MOCA @ PDC
Steve McQueen's "Drumroll"
Jun 28 - Sept 21
MOCA presents Steve McQueen: Drumroll, a selection of works by British artist and Oscar-winning filmmaker Steve McQueen. The exhibition takes as its centerpiece the artist’s 1998 video installation Drumroll, a 2004 partial and promised gift from MOCA life trustee Blake Byrne to MOCA’s permanent collection. Organized by MOCA Curator Bennett Simpson, the exhibition also includes a selection of works from Barrage (1998), McQueen’s series of fifty-six photographs of gutter barriers or “dams” found along the streets of Paris. “Steve McQueen brought a language of the body and performance to the conversation about self-hood and subjectivity that was going on in the 1990s—a conversation that has not been finished, in part because of the innovative work he has continued to do. Drumroll is a portrait of an experience of the city, and its questions go to how and who we are,” said MOCA Curator Bennett Simpson. Drumroll is a three-channel video projection that forms a triptych image on one wall. To make the work, McQueen placed three video cameras inside of an oil drum, recording (through holes at either end and one in the center of the side) what the oil drum “experienced” while being rolled by the artist down 56th, 57th, and 58th Streets in midtown Manhattan. The three synchronized projected images and accompanying sounds are the record of this journey, a whirl of sky and pavement, parked cars, and occasional glimpses of the artist, complemented by the rhythmic “beat” of the drum rolling over the asphalt.
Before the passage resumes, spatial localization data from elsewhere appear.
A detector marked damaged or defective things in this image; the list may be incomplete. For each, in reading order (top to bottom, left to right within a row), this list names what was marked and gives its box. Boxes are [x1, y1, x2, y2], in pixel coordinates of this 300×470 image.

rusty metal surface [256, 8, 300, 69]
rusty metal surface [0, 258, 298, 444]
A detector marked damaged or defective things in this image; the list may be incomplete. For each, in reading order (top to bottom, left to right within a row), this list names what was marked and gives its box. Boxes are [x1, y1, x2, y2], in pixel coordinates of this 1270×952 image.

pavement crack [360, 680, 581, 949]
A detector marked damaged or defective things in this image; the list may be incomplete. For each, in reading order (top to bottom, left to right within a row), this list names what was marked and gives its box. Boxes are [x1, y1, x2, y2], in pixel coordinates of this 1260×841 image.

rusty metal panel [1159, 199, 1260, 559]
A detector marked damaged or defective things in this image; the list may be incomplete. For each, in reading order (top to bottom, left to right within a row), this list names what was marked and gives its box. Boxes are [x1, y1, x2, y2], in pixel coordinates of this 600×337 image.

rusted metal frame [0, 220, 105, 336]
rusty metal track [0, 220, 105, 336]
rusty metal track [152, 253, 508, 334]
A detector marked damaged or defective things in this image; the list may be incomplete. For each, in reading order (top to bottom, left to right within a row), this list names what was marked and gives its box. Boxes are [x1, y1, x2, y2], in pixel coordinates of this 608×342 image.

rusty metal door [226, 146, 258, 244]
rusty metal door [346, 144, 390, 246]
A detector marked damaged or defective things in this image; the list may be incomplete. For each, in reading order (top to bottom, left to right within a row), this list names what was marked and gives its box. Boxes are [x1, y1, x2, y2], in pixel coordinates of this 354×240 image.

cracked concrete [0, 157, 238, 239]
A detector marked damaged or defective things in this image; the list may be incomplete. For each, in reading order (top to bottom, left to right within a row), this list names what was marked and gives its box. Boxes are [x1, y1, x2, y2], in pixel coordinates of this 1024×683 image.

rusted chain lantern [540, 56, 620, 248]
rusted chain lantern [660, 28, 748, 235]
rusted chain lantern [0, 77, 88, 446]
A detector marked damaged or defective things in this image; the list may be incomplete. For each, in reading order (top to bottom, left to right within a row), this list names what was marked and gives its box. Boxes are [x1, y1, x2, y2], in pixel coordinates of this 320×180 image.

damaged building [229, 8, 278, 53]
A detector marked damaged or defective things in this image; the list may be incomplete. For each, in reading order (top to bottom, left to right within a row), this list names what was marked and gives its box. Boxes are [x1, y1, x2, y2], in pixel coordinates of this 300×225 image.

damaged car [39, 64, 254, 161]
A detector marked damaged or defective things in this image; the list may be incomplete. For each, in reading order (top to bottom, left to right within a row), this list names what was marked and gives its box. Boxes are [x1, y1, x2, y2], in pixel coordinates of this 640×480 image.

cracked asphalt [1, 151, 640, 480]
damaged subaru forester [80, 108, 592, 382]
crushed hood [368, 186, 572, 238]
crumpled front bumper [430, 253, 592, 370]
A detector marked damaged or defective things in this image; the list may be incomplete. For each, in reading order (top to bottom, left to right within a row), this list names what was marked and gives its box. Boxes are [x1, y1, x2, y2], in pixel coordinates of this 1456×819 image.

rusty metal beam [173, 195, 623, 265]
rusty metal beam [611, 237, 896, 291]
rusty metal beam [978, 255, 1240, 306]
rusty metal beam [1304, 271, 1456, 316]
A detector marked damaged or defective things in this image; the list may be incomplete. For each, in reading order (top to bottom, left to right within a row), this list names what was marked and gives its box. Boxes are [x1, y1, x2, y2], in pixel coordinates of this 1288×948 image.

Although it is non-narrative, Drumroll nonetheless echoes any disorienting passage through the city—and through life in general—a meditation on movement, obstacle, displacement and negotiation. “It’s like since you’ve been born, you make a route, and everything is going by you, and along the way you grab what you can, make connections you can, and what you grab makes you,” explained McQueen.